Today the Office of the Civil Defense and the National Disaster Risk Reduction and Management Council will hold the first of their quarterly nationwide earthquake drills, and the timing could not have been more inconspicuous.
As anyone who’s monitored the news knows by now, the earthquakes in Japan, Ecuador and Myanmar resulted in the deaths of hundreds and devastated homes and buildings.
In one report, Japanese authorities are said to be racing against time to rescue those buried under the rubble, a lot of whom are said to be children. Ecuador has mobilized hundreds of police and nearly its entire armed forces in search and rescue operations that are seen to last days, even weeks.

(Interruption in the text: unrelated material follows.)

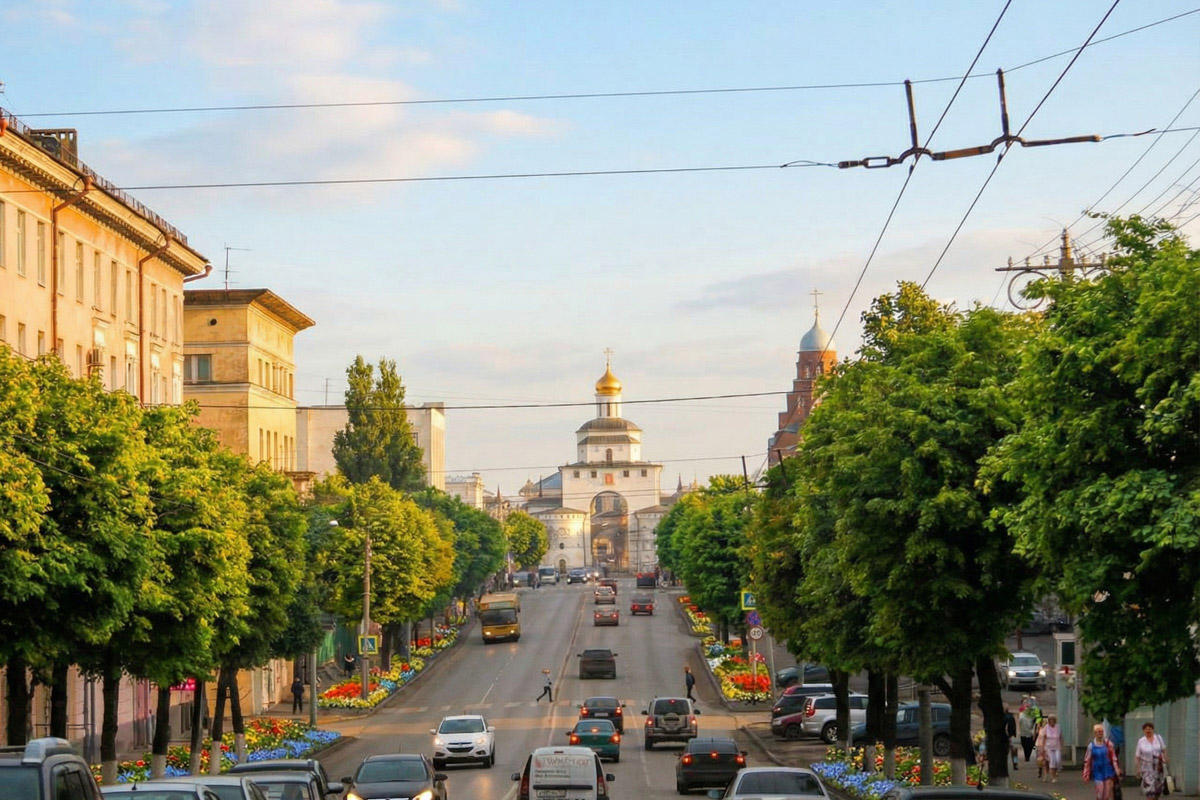 Как пел Юрий Антонов, «мечта сбывается и не сбывается». В случае большинства многообещающих городских проектов она исполниться не успела, но нейродизайнер Анастасия Якимова при помощи ИИ визуализировала для «Ключ-Медиа» идеальный Владимир. Мы представили, каким бы он мог встретить 2026 год, реализуй город все долгосрочные инициативы.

The Philippines has had its unenviable share of experiences with earthquakes, and in Cebu, the epicenters were located outside the province. The first was in Negros Oriental in Feb. 8, 2012. It registered a 6.5 on the Richter scale and lasted several seconds.
It didn’t cause serious damage, but it gained notoriety when a misguided blocktimer caused mass hysteria at Barangay Pasil all the way up to Fuente Osmeña by screaming something that sounded like “tsunami.”

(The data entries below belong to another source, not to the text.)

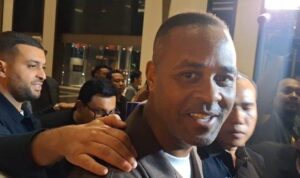 Kedatangan Patrick Kluivert ke Jakarta, Denny Landzaat Berinteraksi dengan Suporter Timnas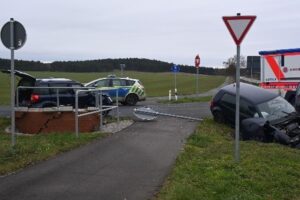Zwei beschädigte Autos nach Unfall, Polizei untersucht Vorfahrtsmissachtung auf Bundesstraße 71.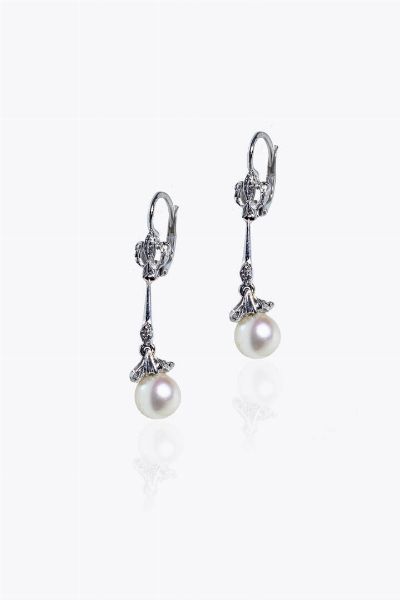 COPPIA DI ORECCHINI : Peso gr 4 5 pendenti  in oro bianco  a monachella  con perle giapponesi del diam. di mm 7  - Asta Gioielli - Associazione Nazionale - Case d'Asta italiane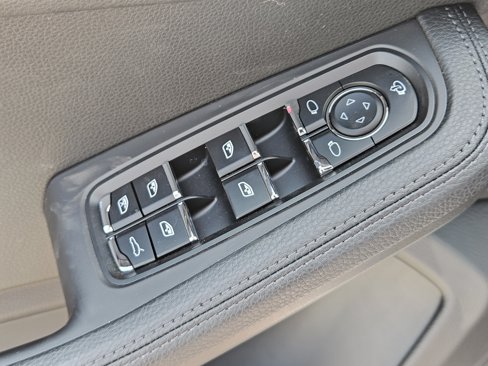 Certified 2025 Porsche Macan Turbo image 31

It was later found out to much relief and consternation that the blocktimer actually referred to his daughter “Chona Mae.” He faced charges for causing public disturbance.

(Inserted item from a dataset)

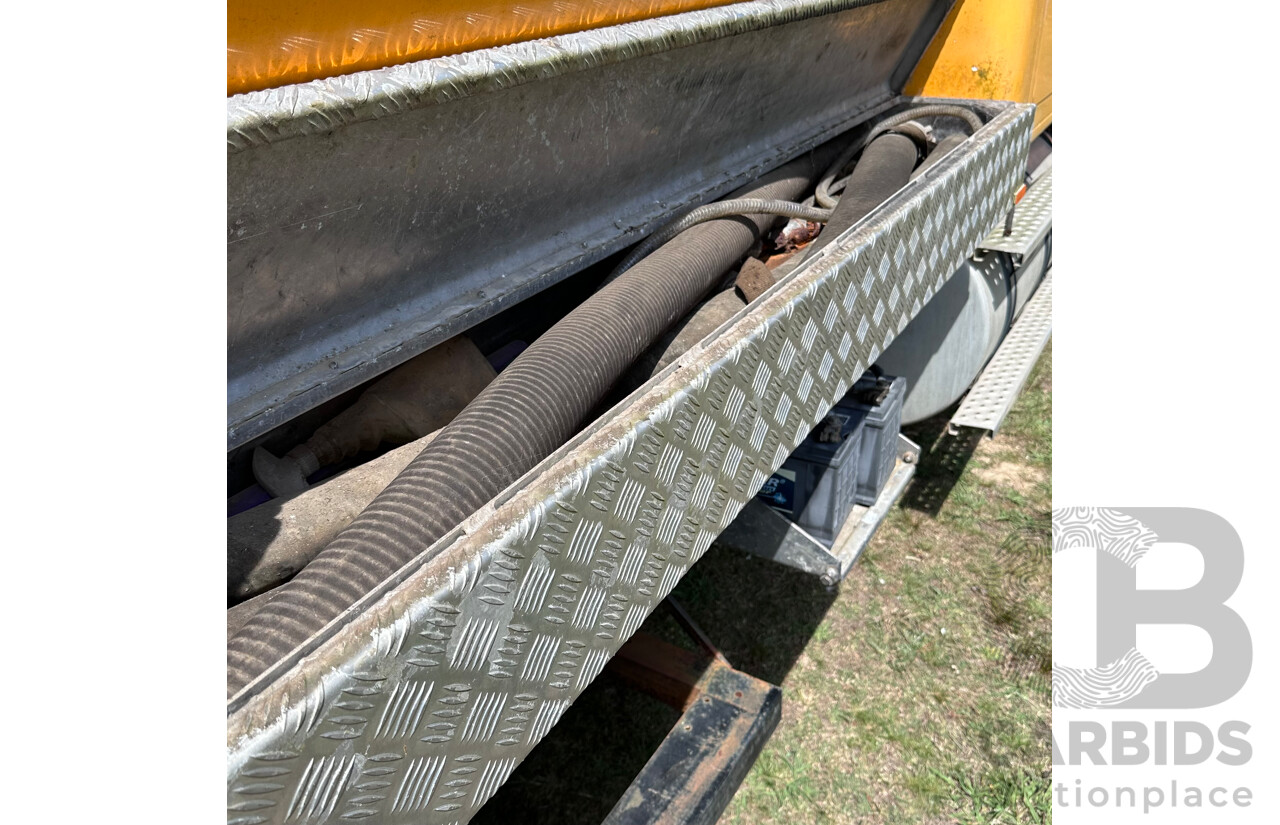 1996 International S Line 2600 400HP 13,000 L Water Tanker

The second and more severe earthquake of Oct. 15, 2013 originated in Bohol province and caused majority of the damage there; but it didn’t spare Cebu and damaged the Pasil market and some church buildings.
It had been pointed out that were it not for the declaration of Eid’l Adha as a regular holiday on that date, schoolchildren and students would have been hurt or worse killed due to panic and the absence of enough safety exits in their school buildings.
Though the Philippine Institute of Volcanology and Seismology said the likelihood of yet another earthquake that was as strong or more severe than the 2013 quake may be lower, the seismic phenomenon’s unpredictability is what makes it dangerous.
The Japanese have made earthquake preparations an essential requirement for any civilian, and earthquake emergency kits are available in every public place and office building for use.
In Cebu City, there was supposed to be an assessment of the durability of old buildings in the downtown area. What happened to it, and was there anything significant done to implement the recommendations?
More importantly, are the people of Cebu ready to act in case they are hit with yet another earthquake — maybe not in the province but someplace nearby which can be strong enough to do more damage?
The news stories of the earthquake victims in Japan and Ecuador should spur Cebu’s local governments to do a better job of preparing their constituents in surviving quakes.